The clock cycle time [CCT] in a non-pipelined processor [NPP] is the sum of the latencies for the individual stages of the data-path. So, that is:

250 + 350 + 150 + 300 + 200 = 1250ps

IF + ID + EX + MEM + WB = CCT For NPP

The clock cycle time [CCT] in a pipelined processor [PP] is the slowest stage. In this case, the slowest stage is ID, which has a latency of 350ps.
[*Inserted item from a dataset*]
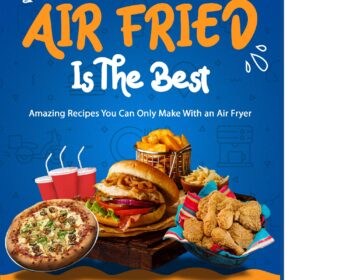 Air‌ ‌Fried‌ ‌Is‌ ‌The‌ ‌Best‌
Therefore:

CCT For PP = 350ps

Total latency for of an LW instruction in a pipelined processor is: 1250ps

(Add up all the latencies)

Total latency for an LW instruction in a non-pipelined processor is:

Total Latency = (Number Of Stages) (Clock Cycle Time)

= (5) (350)

= 1750ps

For Single Cycle:

Since each instruction takes one cycle to execute

Clock Cycle Time [CCT] = 1250ps

Execution Time [ET] = 1250ps / 350 ps = 3.57142857 ~=~ 3.57

For Multi-Cycle:

ALU completes in 4 cycles

IF + ID + EX + WB = 250 + 350 + 150 + 200 = 950ps

lw completes in 5 cycles

IF + ID + EX + MEM + WB = 250 + 350 + 150 + 300 + 200 = 1250ps

sw completes in 4 cycles

IF + ID + EX + MEM = 250 + 350 + 150 + 300 = 1050 ps

beq completes in 3 cycles

IF + ID + EX = 250 + 350 + 150 = 750ps

Clock Cycle Time [CCT] =

950 \* 0.45

+

1250 \* 0.20

+

1050 \* 0.15

+

750 \* 0.20

= 985ps

Execution Time [ET] =

4 \* 0.45

+

3 \* 0.20

+

5 \* 0.20

+

4 \* 0.15

= 4.0

We know the CCT for pipeline is 350ps. Since it’s the lowest, therefore it is the fastest.